_AIM OF THE TASK_: Without leaving out a single line, copy the records exactly.

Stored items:
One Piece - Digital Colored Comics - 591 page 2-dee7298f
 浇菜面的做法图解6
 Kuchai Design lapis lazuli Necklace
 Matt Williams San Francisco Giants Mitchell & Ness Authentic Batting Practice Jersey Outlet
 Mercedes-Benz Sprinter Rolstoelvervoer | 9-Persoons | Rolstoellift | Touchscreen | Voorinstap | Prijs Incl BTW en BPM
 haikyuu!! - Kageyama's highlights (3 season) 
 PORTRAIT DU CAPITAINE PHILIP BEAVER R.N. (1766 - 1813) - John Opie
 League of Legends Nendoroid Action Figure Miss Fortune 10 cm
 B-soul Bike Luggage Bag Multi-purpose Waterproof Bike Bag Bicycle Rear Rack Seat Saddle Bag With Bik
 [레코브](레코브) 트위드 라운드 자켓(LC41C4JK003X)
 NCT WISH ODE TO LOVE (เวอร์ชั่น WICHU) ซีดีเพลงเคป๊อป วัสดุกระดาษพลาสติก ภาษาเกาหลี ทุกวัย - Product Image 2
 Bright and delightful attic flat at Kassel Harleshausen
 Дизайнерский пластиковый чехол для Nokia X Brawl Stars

_EXERCISE RESULT_:
One Piece - Digital Colored Comics - 591 page 2-dee7298f
 浇菜面的做法图解6
 Kuchai Design lapis lazuli Necklace
 Matt Williams San Francisco Giants Mitchell & Ness Authentic Batting Practice Jersey Outlet
 Mercedes-Benz Sprinter Rolstoelvervoer | 9-Persoons | Rolstoellift | Touchscreen | Voorinstap | Prijs Incl BTW en BPM
 haikyuu!! - Kageyama's highlights (3 season) 
 PORTRAIT DU CAPITAINE PHILIP BEAVER R.N. (1766 - 1813) - John Opie
 League of Legends Nendoroid Action Figure Miss Fortune 10 cm
 B-soul Bike Luggage Bag Multi-purpose Waterproof Bike Bag Bicycle Rear Rack Seat Saddle Bag With Bik
 [레코브](레코브) 트위드 라운드 자켓(LC41C4JK003X)
 NCT WISH ODE TO LOVE (เวอร์ชั่น WICHU) ซีดีเพลงเคป๊อป วัสดุกระดาษพลาสติก ภาษาเกาหลี ทุกวัย - Product Image 2
 Bright and delightful attic flat at Kassel Harleshausen
 Дизайнерский пластиковый чехол для Nokia X Brawl Stars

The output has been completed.